Somewhere, this court case probably exists.

Another case could be like the one that I mentioned above: when someone has multiple categories that might make them undesirable, some protected, some not. Discriminating against someone for being female is unlawful, but happens frequently and is hard to prove. Discriminating against someone because of their age is unlawful, but happens frequently and is hard to prove. Discriminating against someone because they have children is (I believe, at least in most states) unlawful, but happens frequently and is hard to prove. Discriminating against someone because they are overweight, don't dress right, or just aren't "cool", is not unlawful, but perhaps could be seen as such, which is why those things are never mentioned. And while there are probably a few high profile employment cases every year, at the same time there are millions and millions of Americans who are demoted, passed over for promotion, stuck in dead-end career tracks, or are the first to be laid off, because they somehow fall short of social expectations that have nothing to do with their job. Some of these are theoretically protected, others are not. In many (or probably most) cases, the human resources people are unaware that they are being discriminatory. When they decide that Mary isn't the right one for a promotion, they say to themselves that she doesn't seem to have the ambition to handle a high stress job--- they don't say that she has a young child, and won't take her job seriously. When Joseph is turned down for extra training in technology, they say to themselves that he isn't "flexible" or "innovative"--- not that he is 46, and can't handle computers. And so, the discrimination goes on constantly, with most people unaware that they are discriminating or being discriminated against.
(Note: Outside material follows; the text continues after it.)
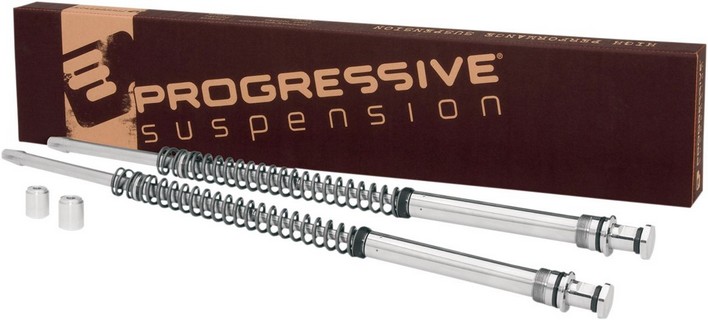 Progressive Suspension Progressive Suspension Monotube Fork Cartridge i gruppen Reservdelar & Tillbehr / Fjdring / Framgaffel / Fjdrar Framgaffel hos Blixt&Dunder AB (04140450)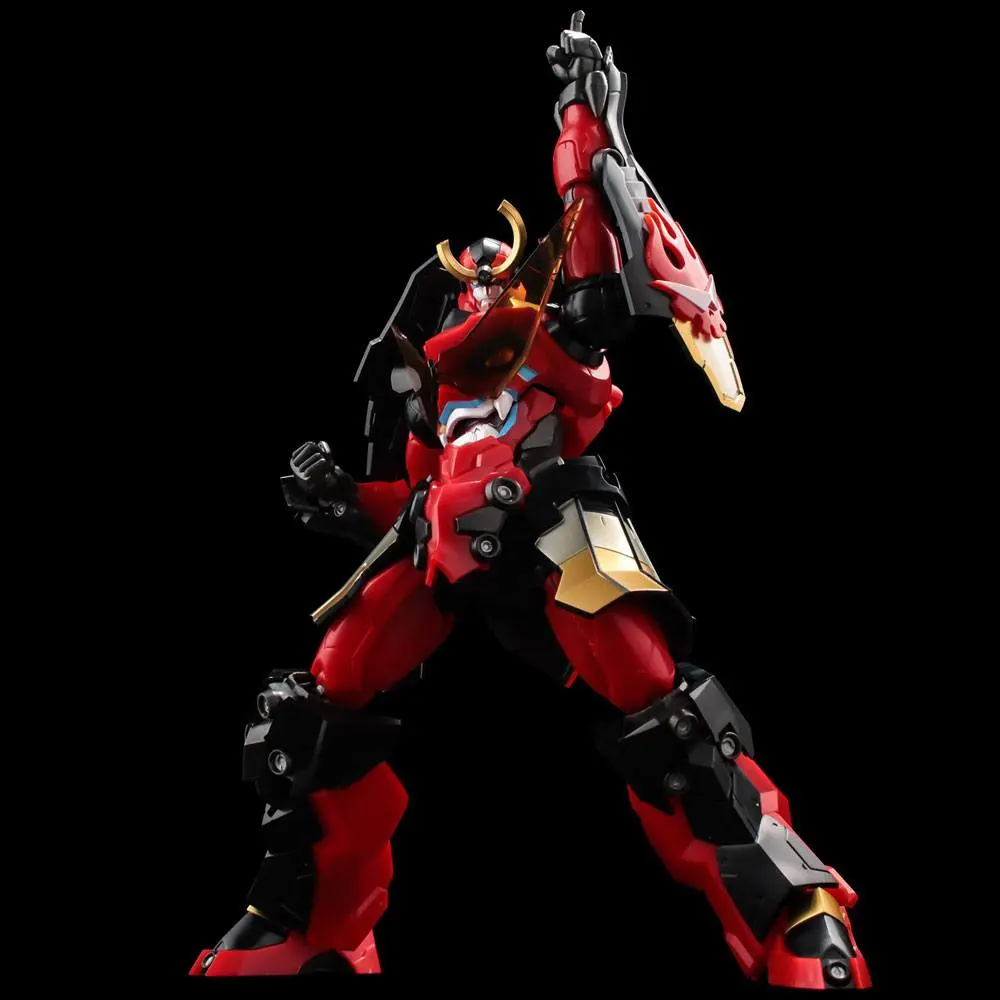 Gurren Lagann PLAIOBOT Plastični modelarski komplet Gurren Lagann 15 cm fotografija izdelka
There is also a fair amount of hypocrisy involved in these decisions. Whatever the complicated issues involving government, business and the individual, hypocrisy is easy to hate. I have to admit that many times I have gritted my teeth at hip, trendy liberals who enthusiastically support gay rights, who are totally unaware, or don't care, that they are discriminating against people who are less fashionable in their hardships, such as older single mothers.

While there are many complicated issues, my own instinct is that the belief that somehow it is totally allowable to discriminate against an individual, but forbidden to discriminate against a group, is not morally feasible.